*** Begin section ***
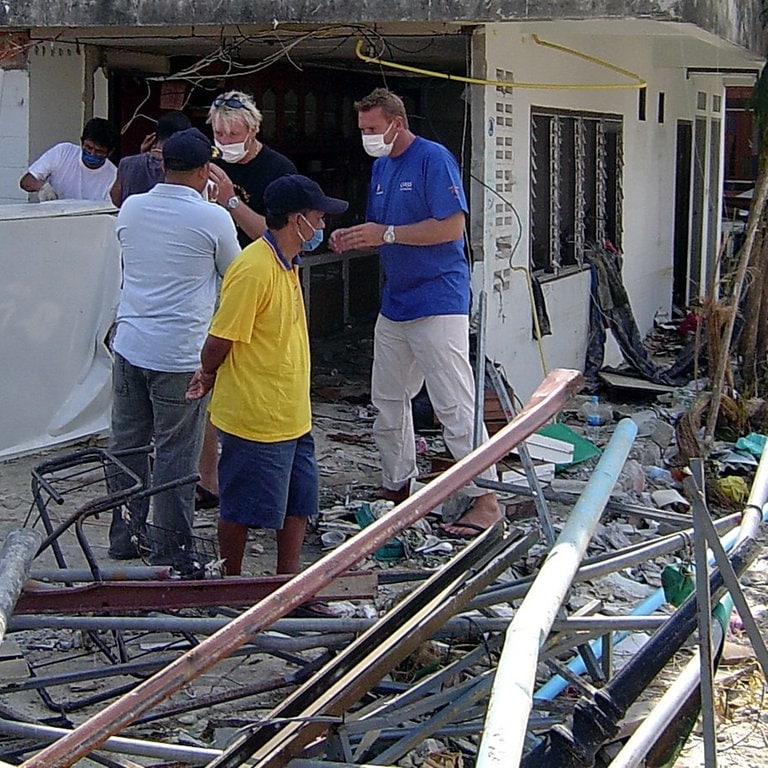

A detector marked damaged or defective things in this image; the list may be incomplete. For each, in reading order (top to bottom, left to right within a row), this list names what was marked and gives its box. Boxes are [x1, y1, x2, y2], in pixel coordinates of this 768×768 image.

rusty metal pipe [19, 368, 584, 764]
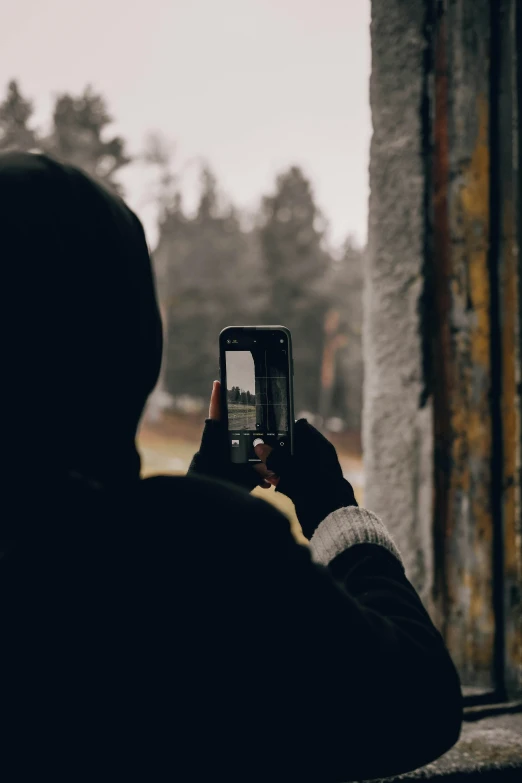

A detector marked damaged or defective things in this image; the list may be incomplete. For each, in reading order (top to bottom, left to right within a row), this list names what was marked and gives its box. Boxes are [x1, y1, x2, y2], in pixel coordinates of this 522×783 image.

rusty metal surface [428, 0, 494, 688]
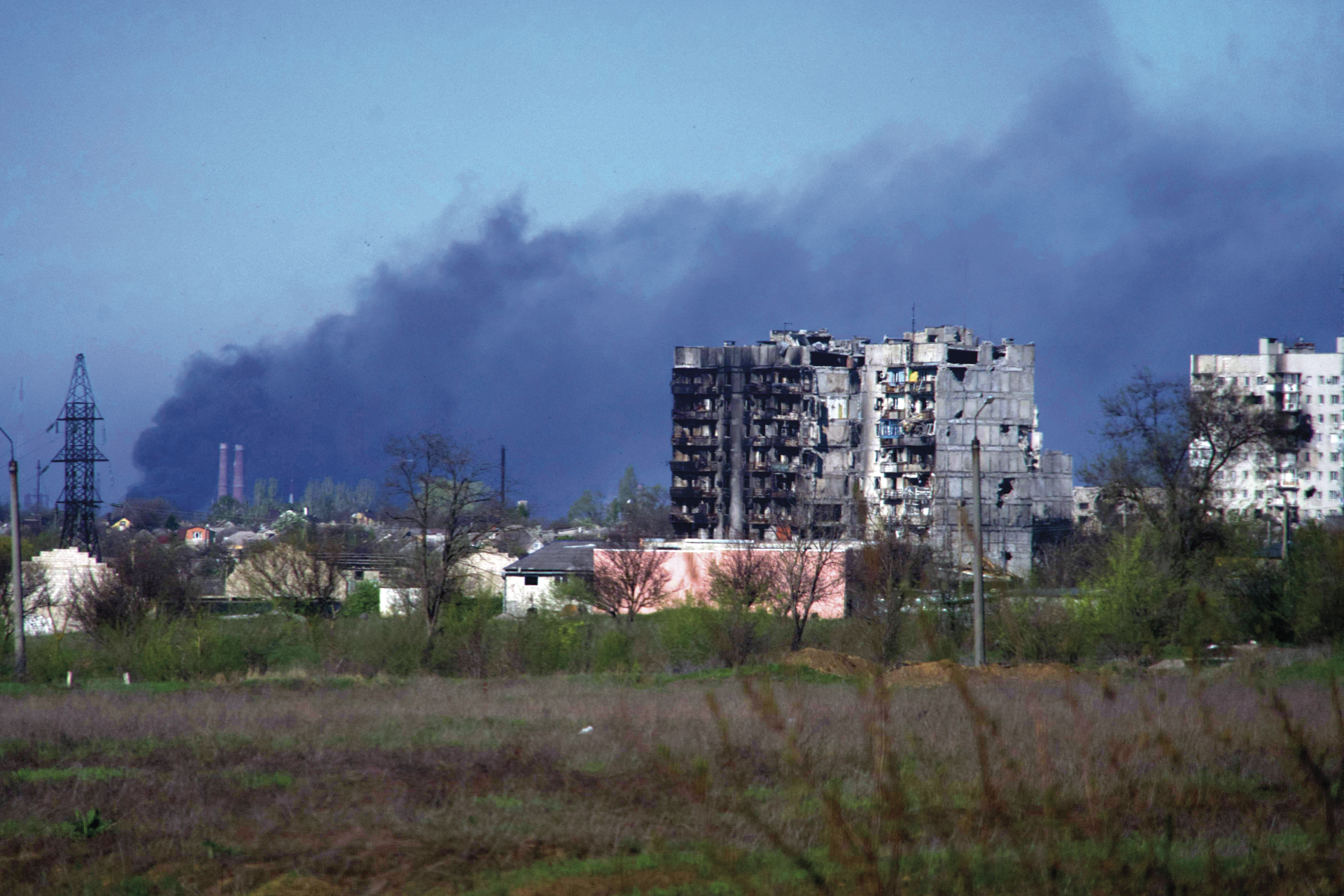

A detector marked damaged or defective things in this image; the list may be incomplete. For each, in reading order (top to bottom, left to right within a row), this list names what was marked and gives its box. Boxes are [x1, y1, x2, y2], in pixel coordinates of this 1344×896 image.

damaged apartment building [669, 328, 1070, 575]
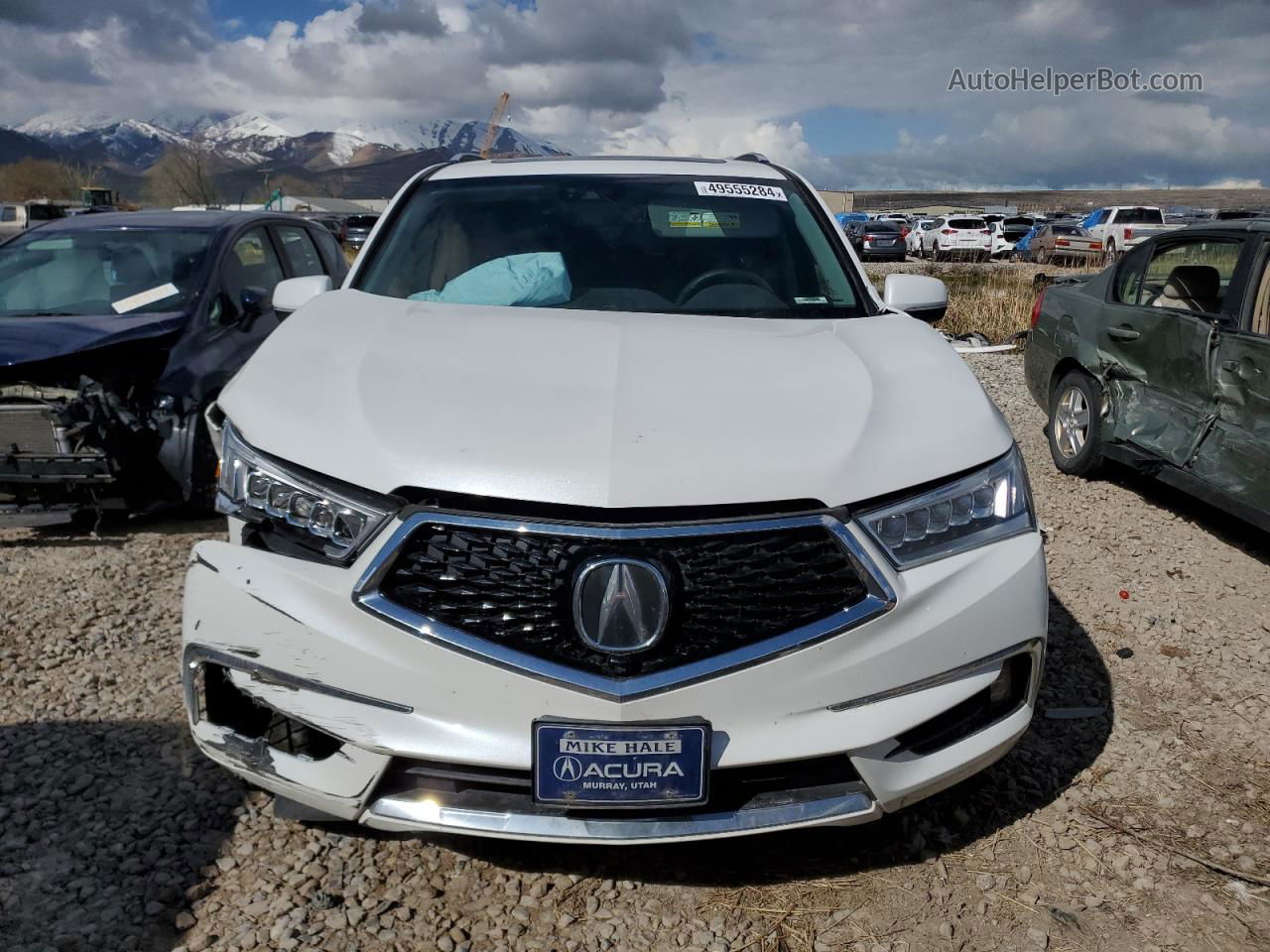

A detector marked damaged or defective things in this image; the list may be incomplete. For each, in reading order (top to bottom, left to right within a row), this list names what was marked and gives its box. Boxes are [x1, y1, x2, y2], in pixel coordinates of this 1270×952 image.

damaged gray car [0, 211, 347, 524]
wrecked blue car [0, 211, 347, 524]
deployed airbag [409, 253, 572, 309]
damaged front bumper [181, 520, 1048, 849]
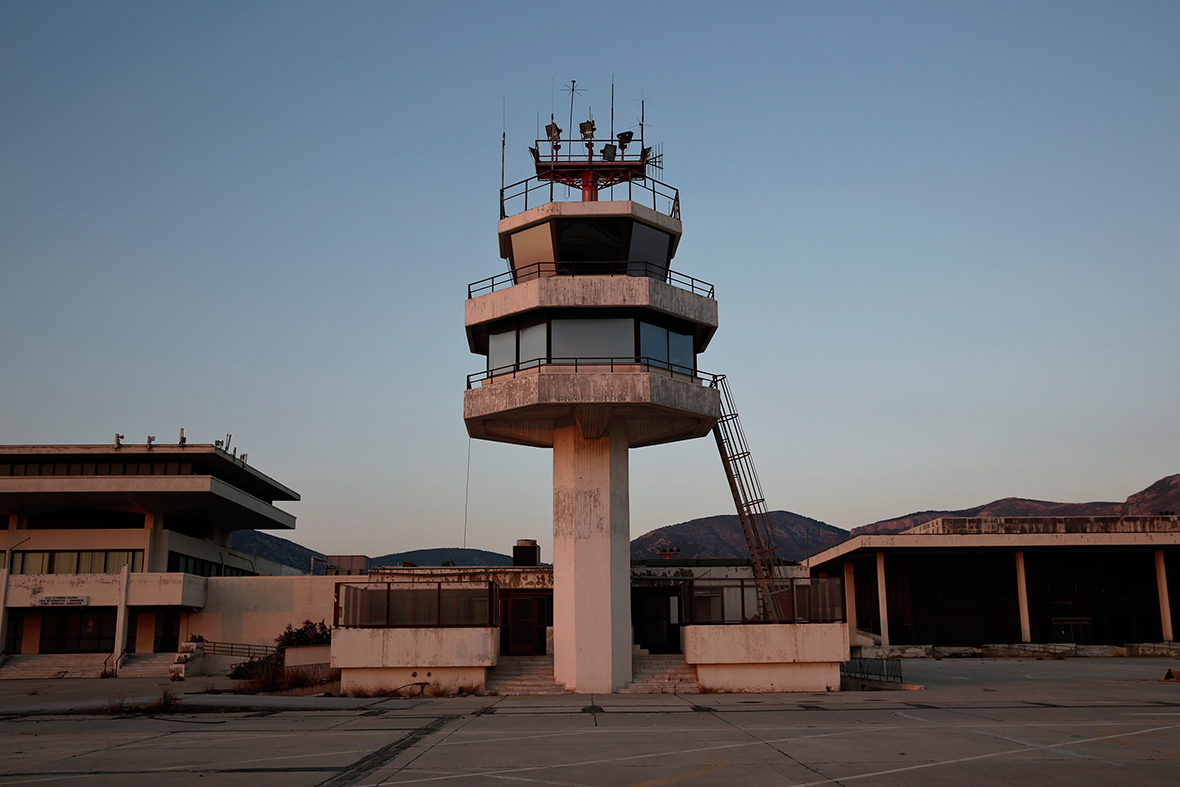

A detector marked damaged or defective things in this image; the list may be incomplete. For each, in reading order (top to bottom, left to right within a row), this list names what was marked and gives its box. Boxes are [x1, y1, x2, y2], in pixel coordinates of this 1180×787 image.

rusty exterior ladder [712, 376, 796, 620]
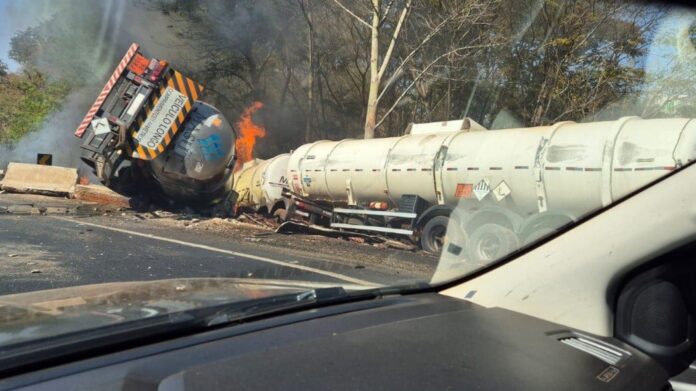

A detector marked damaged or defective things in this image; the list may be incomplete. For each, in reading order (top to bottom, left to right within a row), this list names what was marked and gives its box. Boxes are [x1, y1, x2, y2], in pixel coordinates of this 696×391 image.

overturned truck cab [72, 43, 237, 208]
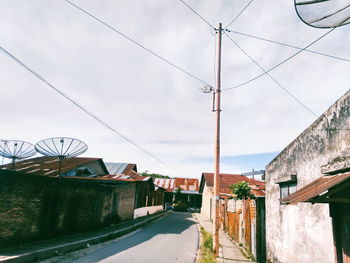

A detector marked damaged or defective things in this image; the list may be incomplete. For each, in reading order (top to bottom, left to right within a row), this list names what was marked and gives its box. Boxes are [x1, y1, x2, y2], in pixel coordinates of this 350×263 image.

peeling paint wall [266, 91, 350, 263]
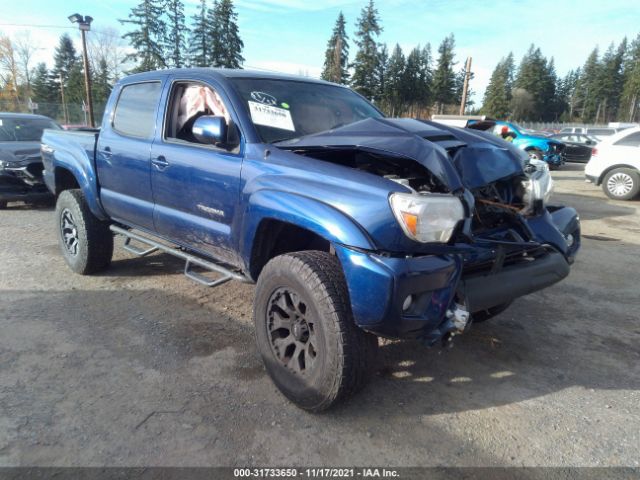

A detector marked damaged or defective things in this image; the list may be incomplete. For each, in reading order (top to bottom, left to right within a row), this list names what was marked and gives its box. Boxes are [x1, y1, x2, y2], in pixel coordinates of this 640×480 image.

crumpled hood [276, 117, 524, 190]
broken headlight [388, 192, 462, 244]
broken headlight [524, 159, 552, 212]
damaged bumper [336, 204, 580, 344]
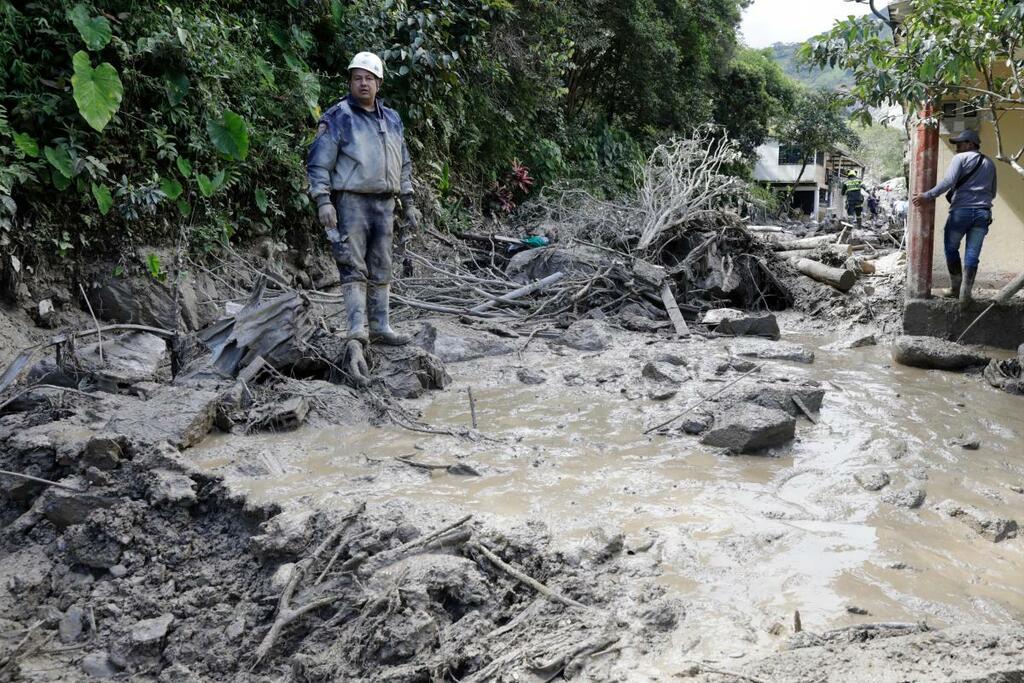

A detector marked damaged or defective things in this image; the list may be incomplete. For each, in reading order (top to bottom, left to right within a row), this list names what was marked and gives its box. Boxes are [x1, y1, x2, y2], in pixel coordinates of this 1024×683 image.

broken wooden plank [659, 282, 692, 337]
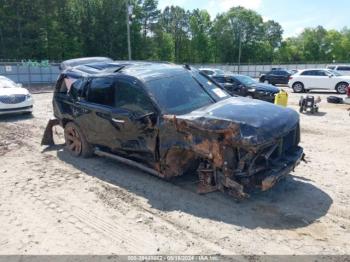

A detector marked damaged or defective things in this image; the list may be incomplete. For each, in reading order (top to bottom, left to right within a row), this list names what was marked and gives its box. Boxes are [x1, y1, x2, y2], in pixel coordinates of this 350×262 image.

severe front damage [157, 97, 304, 199]
damaged hood [175, 96, 298, 145]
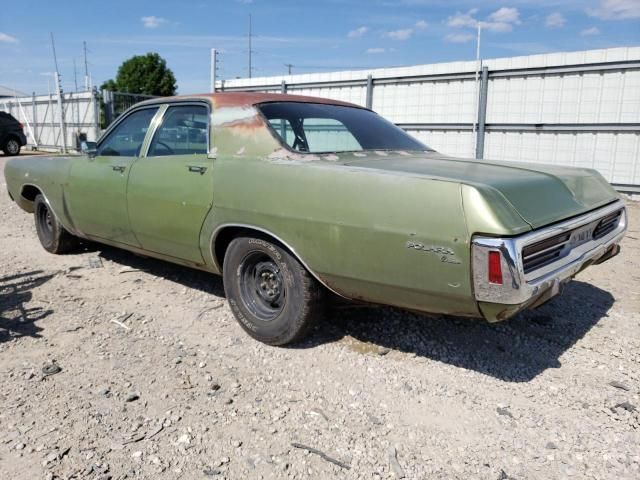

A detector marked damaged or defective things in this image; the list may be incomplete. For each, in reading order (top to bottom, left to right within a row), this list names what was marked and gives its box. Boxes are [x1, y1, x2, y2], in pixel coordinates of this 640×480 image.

rusty car roof [136, 91, 364, 109]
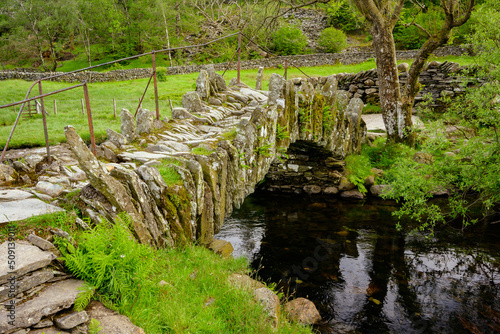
*** End section ***
• Problem details: Repeat each record verbatim, pictures excluded.

• Result of the exercise:
A detector marked damaged or defective things in this image; the list may be incomplete. For each, in reading order (top to bottom, left to right within a row), this list names what was marked and gives its box. Boxes are [x1, y1, x2, y2], in pixel coordinates of this 768×768 image.

rusty metal pipe [19, 368, 584, 764]

A detector marked damaged or defective things in this image; the list may be incomplete. For each, in reading order (top to bottom, left to right within a row), this list names what was marked and gives its box. Boxes are [x1, y1, x2, y2], in pixel coordinates of this 522×783 image.

rusty metal surface [428, 0, 494, 688]

A detector marked damaged or defective things in this image; the list may be incomplete. For each, in reading order (top to bottom, left to right within a row), this list names what was marked and gives its box. Boxes are [x1, y1, x2, y2], in pixel coordinates of this 1344×896 image.

damaged apartment building [669, 328, 1070, 575]

A detector marked damaged or defective things in this image; the list may be incomplete. For each, in reading order (top to bottom, left to right within a row), this list names what was marked and gives its box. Boxes are [x1, y1, x2, y2], in pixel coordinates of this 1270×952 image.

damaged gray car [0, 211, 347, 524]
wrecked blue car [0, 211, 347, 524]
deployed airbag [409, 253, 572, 309]
damaged front bumper [181, 520, 1048, 849]

A detector marked damaged or defective things in this image; the list may be incomplete. For each, in reading order (top to bottom, left to right within a row), this list names what was marked and gives its box. Boxes are [x1, y1, x2, y2], in pixel coordinates of this 1180×787 image.

rusty exterior ladder [712, 376, 796, 620]

A detector marked damaged or defective things in this image; the list may be incomplete. For each, in reading order (top to bottom, left to right within a row), this list names what was marked and gives its box. Boxes are [x1, y1, x2, y2], in pixel coordinates of this 696×391 image.

overturned truck cab [72, 43, 237, 208]

A detector marked damaged or defective things in this image; the list may be incomplete. For each, in reading order (top to bottom, left to right within a row), this list names what was marked and gives its box. Boxes are [x1, y1, x2, y2], in pixel coordinates of this 350×263 image.

peeling paint wall [266, 91, 350, 263]

A detector marked damaged or defective things in this image; the list may be incomplete. For each, in reading order (top to bottom, left to right within a row), this list names what was marked and gives its box. Boxes are [x1, y1, x2, y2], in pixel coordinates of this 640×480 image.

crumpled hood [276, 117, 524, 190]
broken headlight [388, 192, 462, 244]
broken headlight [524, 159, 552, 212]
damaged bumper [336, 204, 580, 344]

A detector marked damaged or defective things in this image; the list may be incomplete. For each, in reading order (top to bottom, left to right within a row), this list names what was marked and gives its box. Boxes are [x1, y1, x2, y2], in pixel coordinates of this 1024×683 image.

broken wooden plank [659, 282, 692, 337]

A detector marked damaged or defective things in this image; the list may be incomplete. For each, in reading order (top to bottom, left to right within a row), this list names what was marked and gives its box. Boxes are [x1, y1, x2, y2], in pixel coordinates of this 350×262 image.

severe front damage [157, 97, 304, 199]
damaged hood [175, 96, 298, 145]

A detector marked damaged or defective things in this image; the list may be incomplete. For each, in reading order (top to bottom, left to right within a row), this list names what was marked and gives its box. Boxes are [x1, y1, x2, y2], in pixel coordinates of this 640×480 image.

rusty car roof [136, 91, 364, 109]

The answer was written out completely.